■ Exercise brief
Would you write out the entries again, exactly as they are, but without images?

-- Opening Marker --

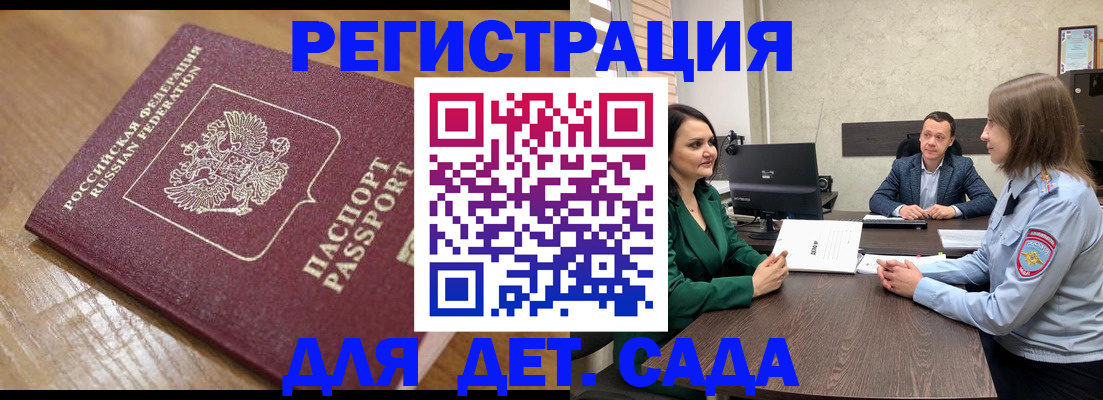 регистрация для школы в Усмани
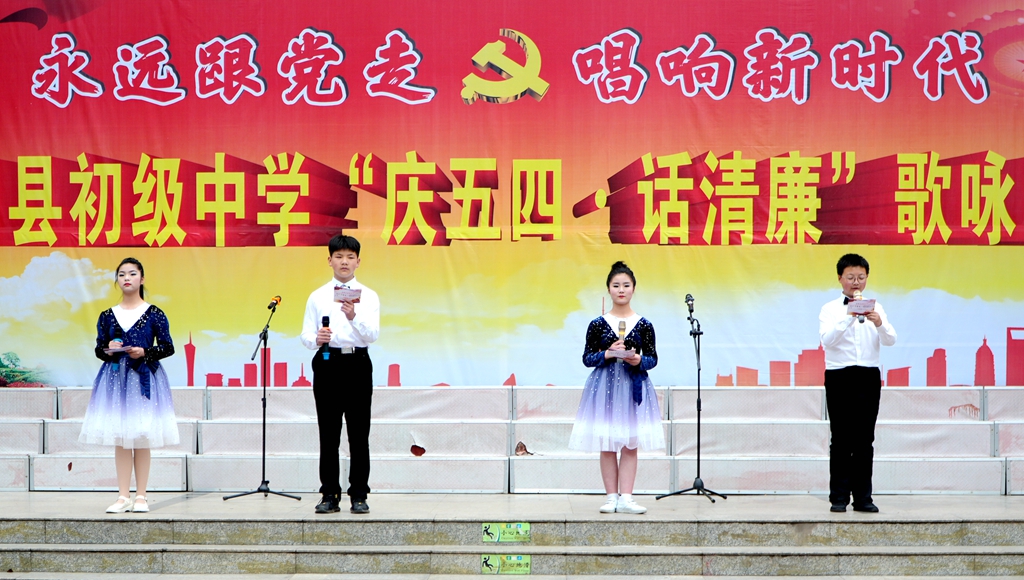 永远跟党走 唱响新时代 ——汉阴县初级中学举行“庆五四 话清廉”歌咏比赛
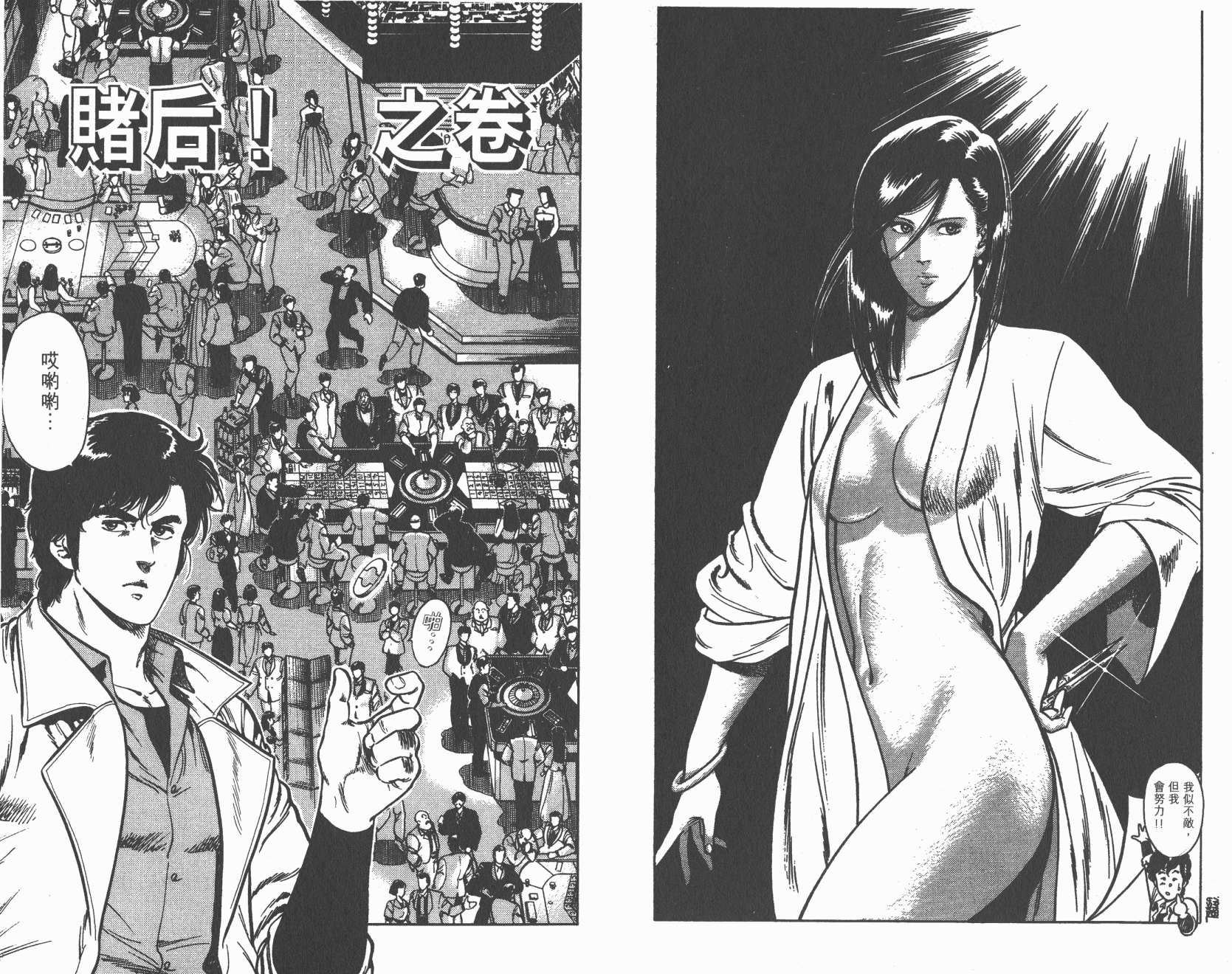 城市猎人 第5卷 第84页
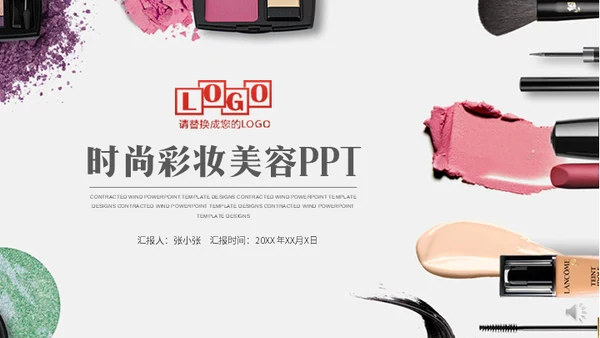 美容美妆企业宣传通用PPT模板
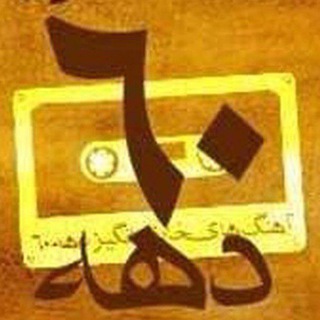 ahangdahe60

-- Closing Marker --

■ Exercise solution
 регистрация для школы в Усмани
 永远跟党走 唱响新时代 ——汉阴县初级中学举行“庆五四 话清廉”歌咏比赛
 城市猎人 第5卷 第84页
 美容美妆企业宣传通用PPT模板
 ahangdahe60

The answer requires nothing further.